§ Data supplied
Start of Block

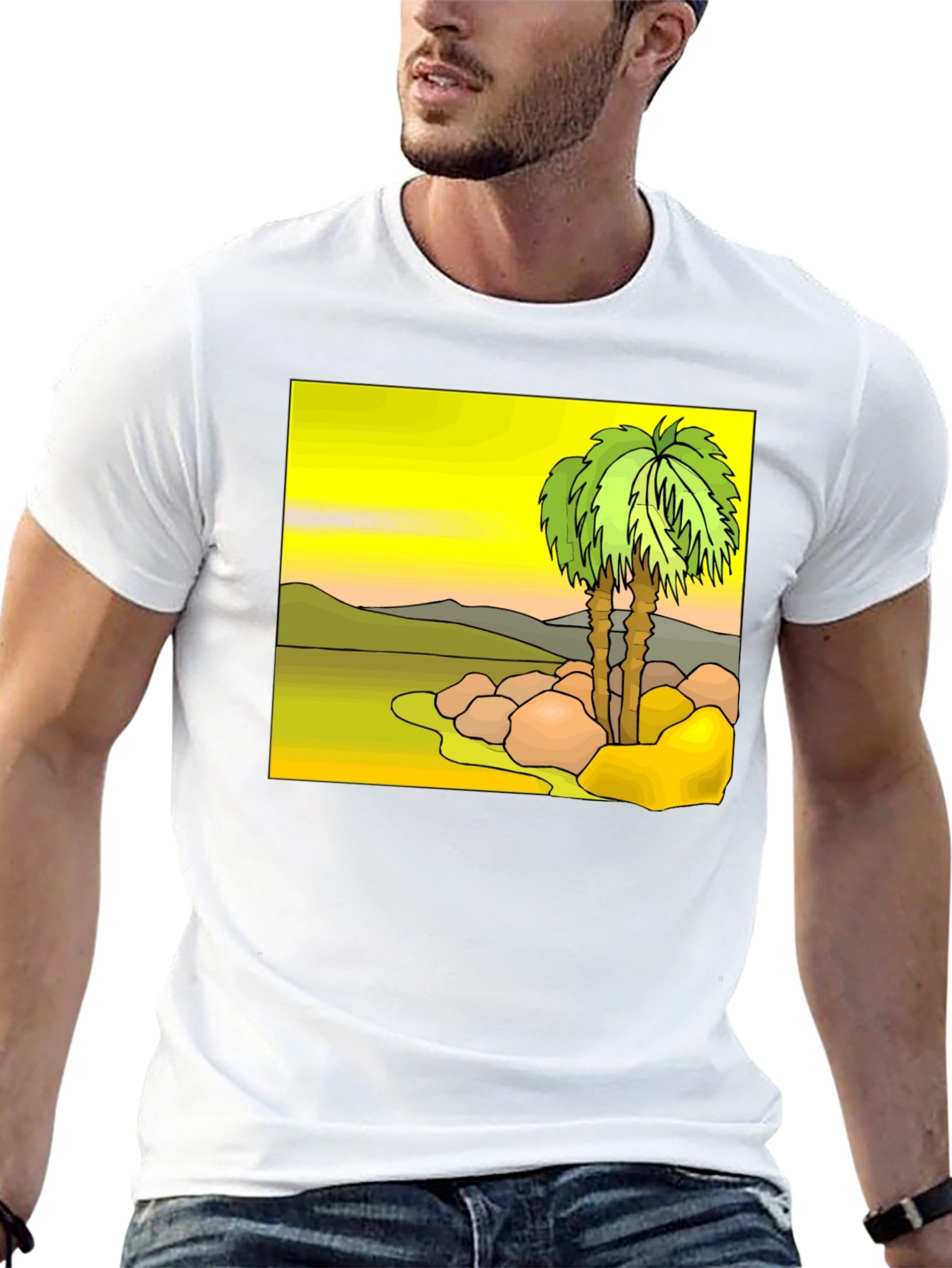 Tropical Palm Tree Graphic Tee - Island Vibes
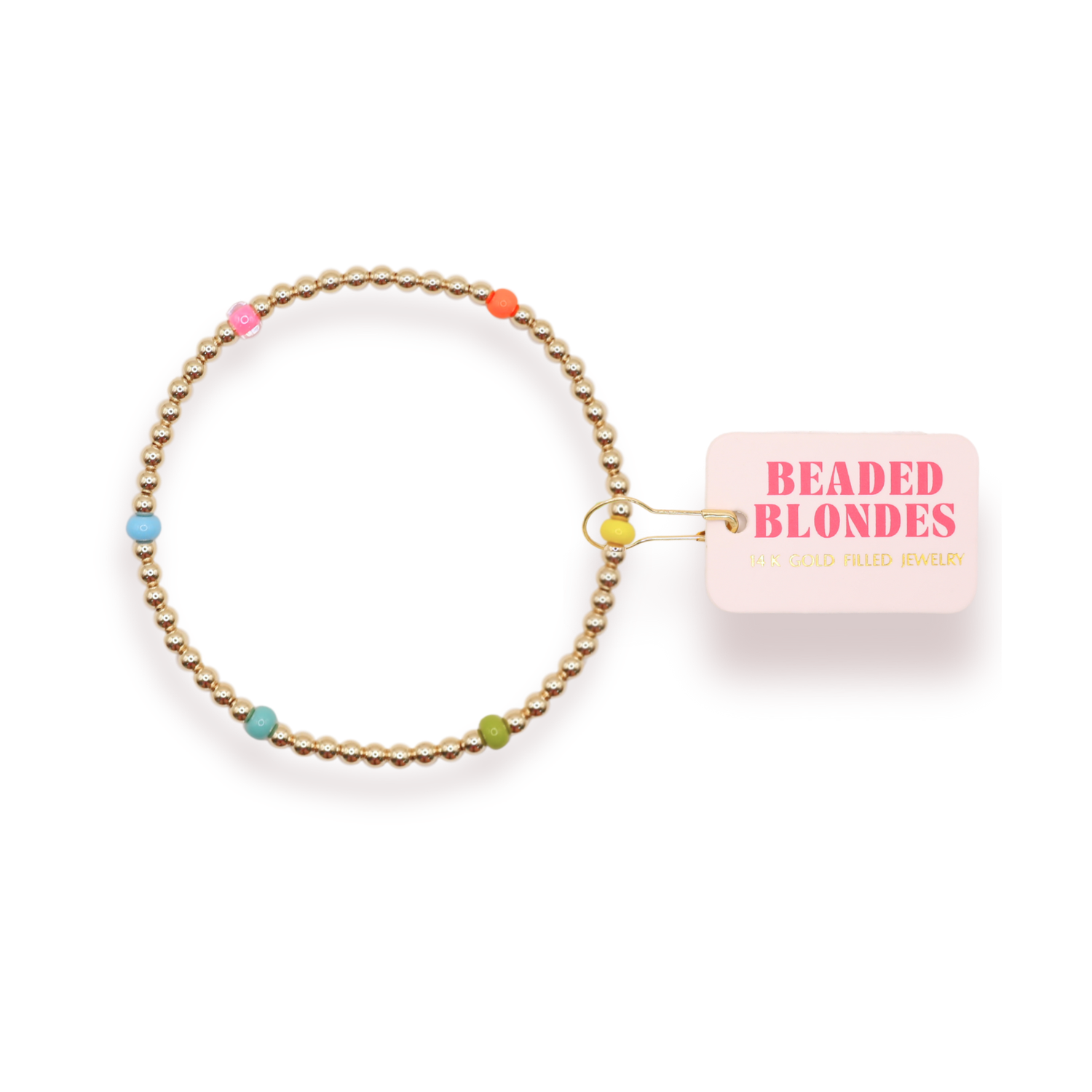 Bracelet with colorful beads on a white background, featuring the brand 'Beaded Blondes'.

End of Block
Start of Block

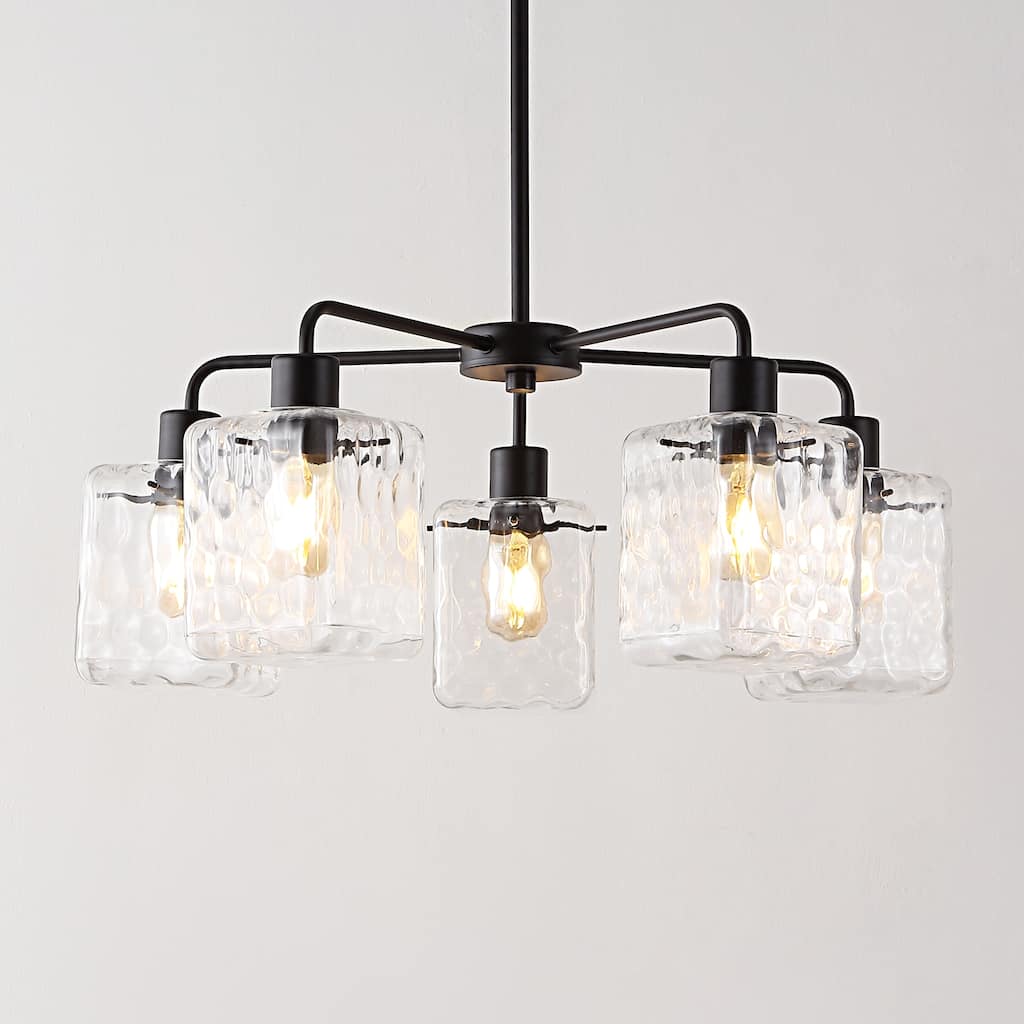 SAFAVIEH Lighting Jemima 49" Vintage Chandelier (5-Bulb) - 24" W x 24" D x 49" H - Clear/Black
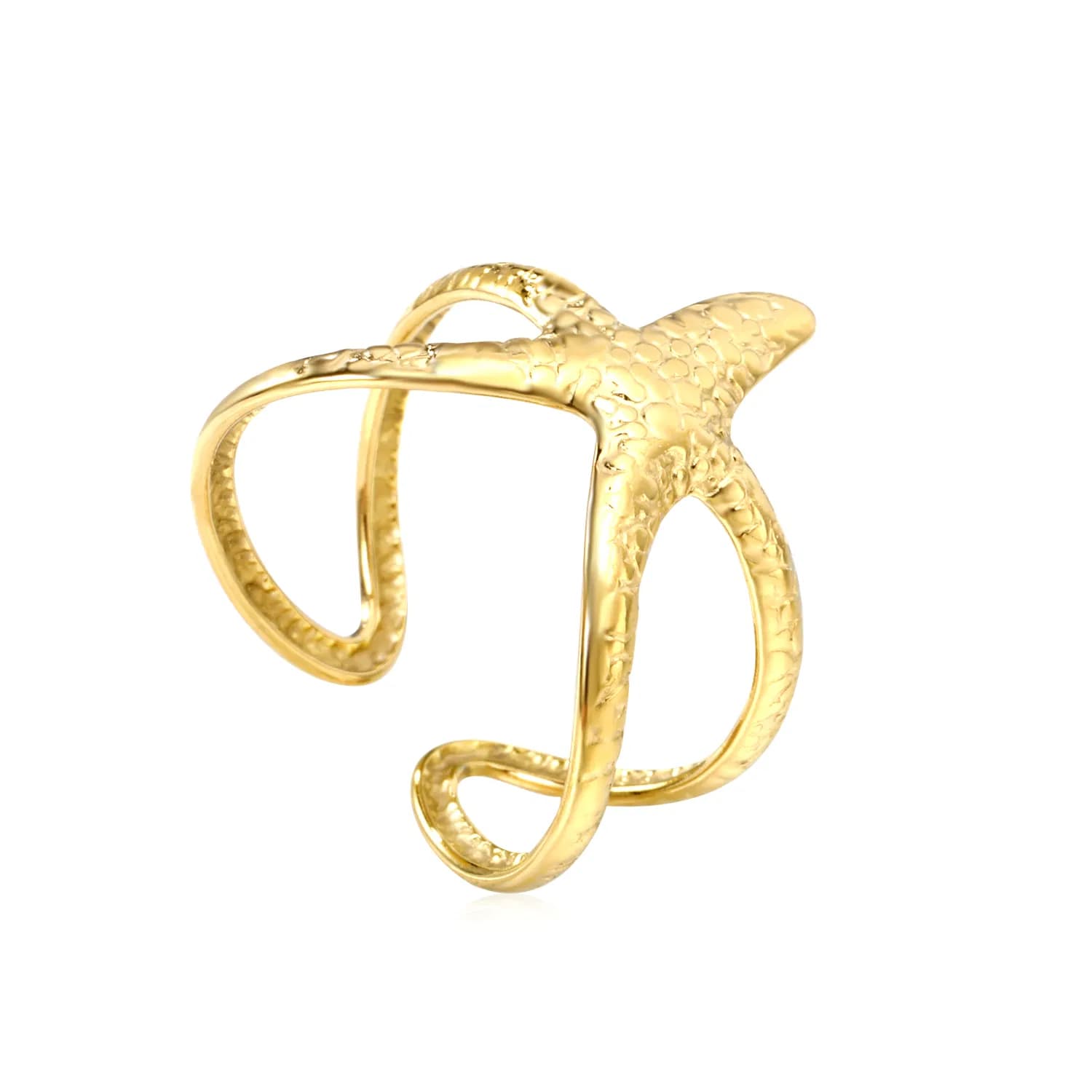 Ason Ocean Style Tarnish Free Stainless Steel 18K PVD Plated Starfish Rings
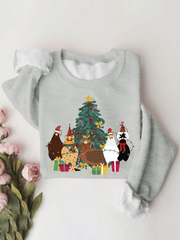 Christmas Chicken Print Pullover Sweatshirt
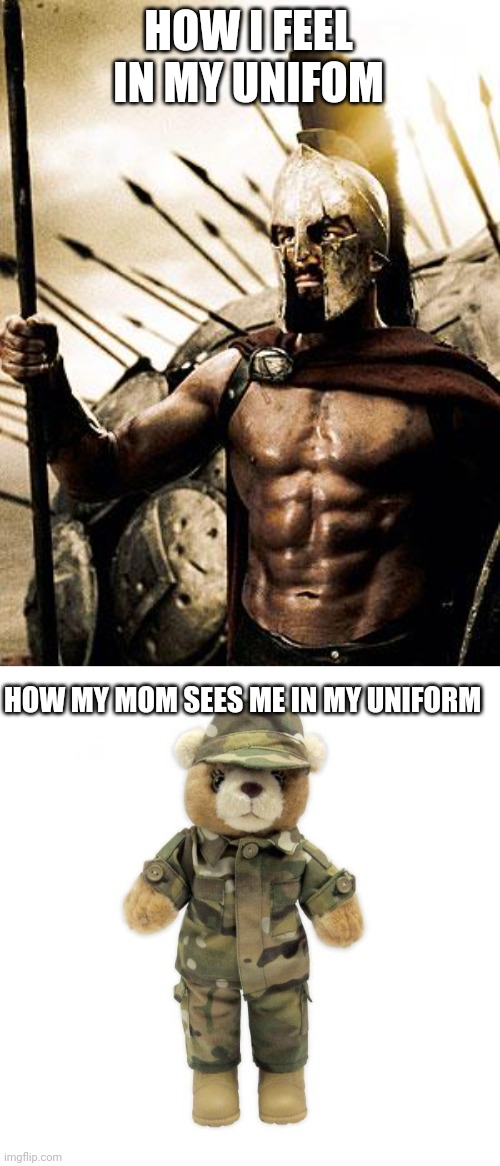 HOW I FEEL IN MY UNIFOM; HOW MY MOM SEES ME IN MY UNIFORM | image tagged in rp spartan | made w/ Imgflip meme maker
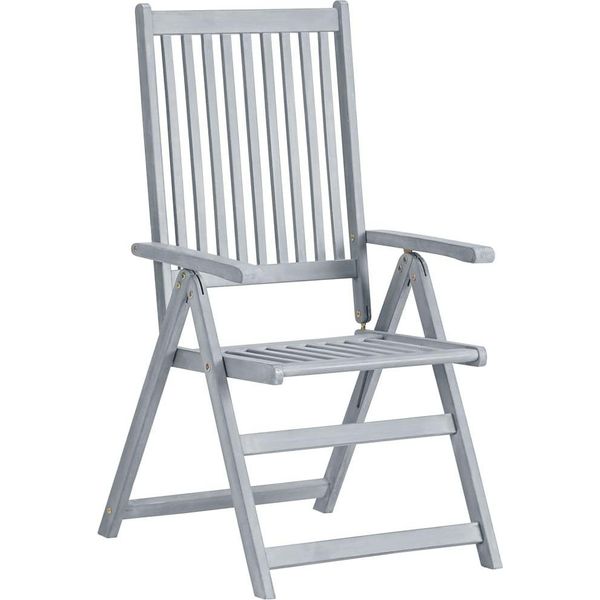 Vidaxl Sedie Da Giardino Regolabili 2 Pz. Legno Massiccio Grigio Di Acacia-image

End of Block

§ Required work
Could you transcribe exactly the entries above, but only the lines from the one with "Ason Ocean Style" through the one with "Vidaxl Sedie Da", and without pictures?

§ Problem solution
 Ason Ocean Style Tarnish Free Stainless Steel 18K PVD Plated Starfish Rings
 Christmas Chicken Print Pullover Sweatshirt
 HOW I FEEL IN MY UNIFOM; HOW MY MOM SEES ME IN MY UNIFORM | image tagged in rp spartan | made w/ Imgflip meme maker
 Vidaxl Sedie Da Giardino Regolabili 2 Pz. Legno Massiccio Grigio Di Acacia-image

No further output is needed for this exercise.